The joint study on sustainability, traceability and transparency within the Apparel supply chain called ‘Moving the needle – Threading a sustainable future for apparel’ asked over 200 senior executives in August 2021 to share their sustainable practices.

The study found two-thirds (66%) of apparel industry insiders believe supply chain transparency is an ‘extremely important’ issue, while 80% aim to implement transparent solutions by 2027. However, only a fifth (20%) of the respondents have a comprehensive overview of all stakeholders in their supply chain (visibility) and just 15% currently have full traceability within their supply chain.

Peter Liddell, KPMG partner, Global Leader Operations Centre of Excellence (Supply Chain, Procurement, Operations Excellence) pointed out: “Executives have had transparency on their radar for a long time, but there is still a big gap between strategic intent and achieving tangible outcomes.”
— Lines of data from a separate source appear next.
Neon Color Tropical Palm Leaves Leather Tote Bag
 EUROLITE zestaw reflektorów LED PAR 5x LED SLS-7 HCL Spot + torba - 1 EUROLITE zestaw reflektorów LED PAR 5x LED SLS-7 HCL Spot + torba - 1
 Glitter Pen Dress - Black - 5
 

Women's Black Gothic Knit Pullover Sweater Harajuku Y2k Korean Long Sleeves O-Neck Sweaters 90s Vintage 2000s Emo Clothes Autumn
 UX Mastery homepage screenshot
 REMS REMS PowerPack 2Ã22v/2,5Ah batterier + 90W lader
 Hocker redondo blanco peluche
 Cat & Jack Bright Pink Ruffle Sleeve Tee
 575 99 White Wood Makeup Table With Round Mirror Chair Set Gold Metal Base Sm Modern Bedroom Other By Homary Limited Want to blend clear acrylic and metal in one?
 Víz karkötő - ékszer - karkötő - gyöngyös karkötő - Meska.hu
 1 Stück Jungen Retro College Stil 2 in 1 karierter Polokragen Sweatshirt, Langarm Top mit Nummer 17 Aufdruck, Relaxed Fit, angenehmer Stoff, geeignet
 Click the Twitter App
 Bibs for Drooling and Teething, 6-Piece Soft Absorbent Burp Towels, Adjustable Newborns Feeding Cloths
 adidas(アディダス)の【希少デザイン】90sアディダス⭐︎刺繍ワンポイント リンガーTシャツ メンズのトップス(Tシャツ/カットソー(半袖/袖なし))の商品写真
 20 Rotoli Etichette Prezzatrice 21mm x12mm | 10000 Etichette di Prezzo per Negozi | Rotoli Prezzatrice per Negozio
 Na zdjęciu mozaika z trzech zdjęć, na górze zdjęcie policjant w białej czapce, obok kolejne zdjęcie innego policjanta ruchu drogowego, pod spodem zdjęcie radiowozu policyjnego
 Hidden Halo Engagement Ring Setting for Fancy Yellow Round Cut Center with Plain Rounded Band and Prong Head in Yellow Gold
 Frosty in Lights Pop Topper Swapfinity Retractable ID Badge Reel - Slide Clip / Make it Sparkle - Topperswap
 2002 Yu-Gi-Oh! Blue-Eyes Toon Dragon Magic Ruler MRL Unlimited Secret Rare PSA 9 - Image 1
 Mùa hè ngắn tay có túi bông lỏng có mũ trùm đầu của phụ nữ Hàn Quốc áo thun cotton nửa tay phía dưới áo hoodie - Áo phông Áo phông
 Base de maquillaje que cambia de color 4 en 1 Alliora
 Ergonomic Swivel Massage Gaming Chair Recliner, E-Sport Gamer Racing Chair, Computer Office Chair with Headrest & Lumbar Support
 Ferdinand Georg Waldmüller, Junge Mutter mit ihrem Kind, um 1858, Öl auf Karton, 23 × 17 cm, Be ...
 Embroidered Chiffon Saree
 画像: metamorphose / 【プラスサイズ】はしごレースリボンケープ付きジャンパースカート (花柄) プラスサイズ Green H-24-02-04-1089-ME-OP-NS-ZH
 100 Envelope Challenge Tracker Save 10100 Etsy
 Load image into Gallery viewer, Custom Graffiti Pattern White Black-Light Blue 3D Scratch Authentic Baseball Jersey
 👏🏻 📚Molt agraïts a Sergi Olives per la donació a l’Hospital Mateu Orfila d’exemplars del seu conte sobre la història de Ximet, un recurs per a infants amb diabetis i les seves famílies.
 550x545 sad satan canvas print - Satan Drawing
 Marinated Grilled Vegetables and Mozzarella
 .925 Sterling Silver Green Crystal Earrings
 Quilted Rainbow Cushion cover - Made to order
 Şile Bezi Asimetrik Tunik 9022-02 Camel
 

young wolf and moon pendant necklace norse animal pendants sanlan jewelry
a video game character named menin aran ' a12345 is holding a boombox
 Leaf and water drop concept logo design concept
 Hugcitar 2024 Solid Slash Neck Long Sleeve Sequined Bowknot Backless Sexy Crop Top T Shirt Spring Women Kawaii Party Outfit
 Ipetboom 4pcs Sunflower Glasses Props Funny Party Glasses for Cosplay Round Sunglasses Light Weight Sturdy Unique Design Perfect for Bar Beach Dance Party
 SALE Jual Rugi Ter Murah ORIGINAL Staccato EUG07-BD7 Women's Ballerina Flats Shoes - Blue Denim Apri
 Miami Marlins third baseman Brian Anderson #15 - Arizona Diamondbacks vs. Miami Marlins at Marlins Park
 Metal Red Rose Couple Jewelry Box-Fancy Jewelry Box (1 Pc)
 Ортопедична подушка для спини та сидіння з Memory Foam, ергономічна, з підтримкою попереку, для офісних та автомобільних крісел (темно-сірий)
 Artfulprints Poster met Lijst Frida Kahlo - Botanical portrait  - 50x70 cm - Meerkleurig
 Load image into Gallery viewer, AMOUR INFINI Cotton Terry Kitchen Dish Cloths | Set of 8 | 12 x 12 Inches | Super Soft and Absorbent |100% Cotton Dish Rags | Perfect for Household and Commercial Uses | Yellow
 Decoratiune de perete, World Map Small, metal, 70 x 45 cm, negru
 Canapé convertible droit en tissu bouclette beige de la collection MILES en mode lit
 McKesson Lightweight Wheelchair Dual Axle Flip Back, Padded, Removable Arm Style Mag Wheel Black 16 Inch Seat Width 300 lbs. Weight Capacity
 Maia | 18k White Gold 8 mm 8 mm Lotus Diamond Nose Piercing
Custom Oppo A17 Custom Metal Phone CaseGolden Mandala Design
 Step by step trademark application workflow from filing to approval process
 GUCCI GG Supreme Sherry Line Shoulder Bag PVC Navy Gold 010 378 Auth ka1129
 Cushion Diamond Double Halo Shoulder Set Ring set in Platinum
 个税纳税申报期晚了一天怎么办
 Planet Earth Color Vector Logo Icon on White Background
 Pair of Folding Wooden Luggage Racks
He added: “Companies must become connected organisations and align every functional process, related data and systems, and relationship in the business towards the achievement of sustainable growth. If stakeholders are not aligned to enterprise-wide transparency goals, a wrong decision or misguided action could undo all the goodwill that an organisation has created.”

The three key factors that are encouraging apparel companies to address transparency, according to the report are:

  1. Corporate reputation: Over half (52%) of suppliers and 59% of retailers/brands considered enhancing their corporate reputation as the main reason to boost their supply chain transparency.
  2. Business opportunities: Now more than ever, suppliers are motivated to improve supply chain transparency as part of their business goals, as this may allow them to tap into business opportunities with brands and retailers that are positioning themselves as sustainable or complying with stricter regulations.
  3. Profitability: Companies are looking to improve operational excellence to lower costs and preserve margins. Research indicates businesses with higher sustainability scores have a lower cost of capital. A sustainable apparel business can expect to have an average increase in net profit of 1-1.5% for brands and 1.5-2.5% for suppliers.

The respondents of the survey, which took place ahead of COP26, represented a mixture of brands, retailers, suppliers, manufacturers and sourcing agents of varying sizes. The study also included in-depth interviews with executives at apparel brands, manufacturers, associations and solution providers. It was conducted by audit, tax and advisory service company KPMG China and business network platform Serai.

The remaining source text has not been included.